RECORDS PROVIDED →
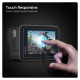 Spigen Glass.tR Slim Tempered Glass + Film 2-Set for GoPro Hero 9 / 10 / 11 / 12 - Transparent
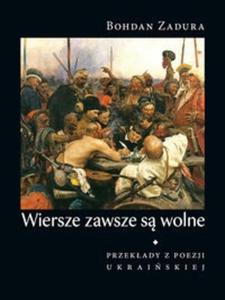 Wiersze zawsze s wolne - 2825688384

--

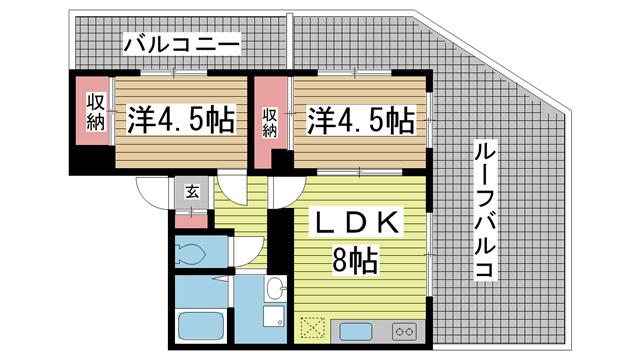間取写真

* * *

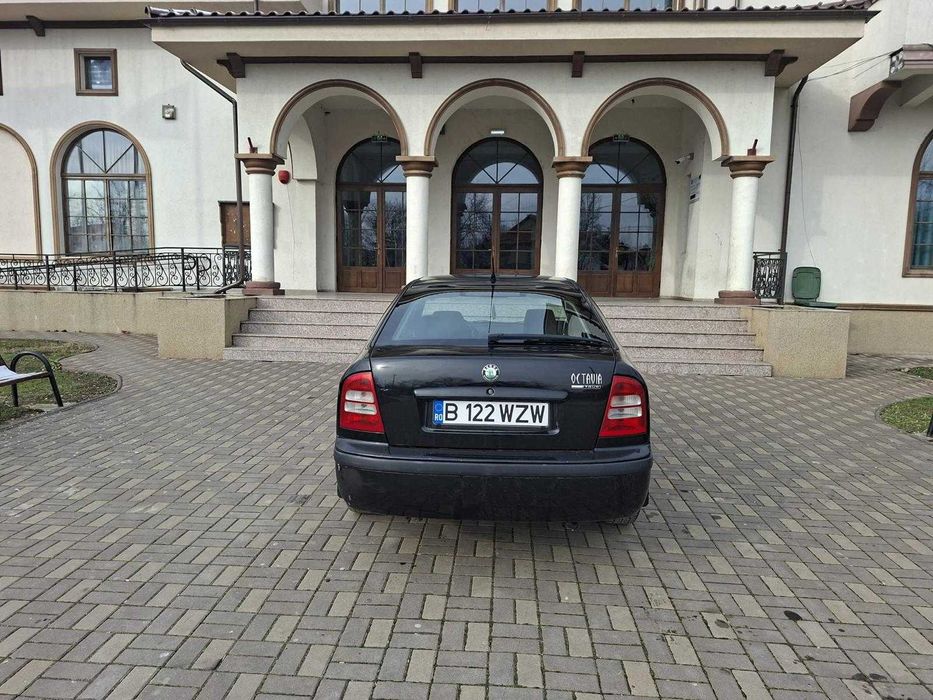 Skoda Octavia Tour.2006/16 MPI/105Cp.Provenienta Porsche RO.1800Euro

ACTIVITY →
With the pictures omitted, print the lines above exactly, beginning at the line with "Spigen Glass.tR Slim" and going on through the line with "Wiersze zawsze s wolne - 2825688384".

YOUR SOLUTION →
 Spigen Glass.tR Slim Tempered Glass + Film 2-Set for GoPro Hero 9 / 10 / 11 / 12 - Transparent
 Wiersze zawsze s wolne - 2825688384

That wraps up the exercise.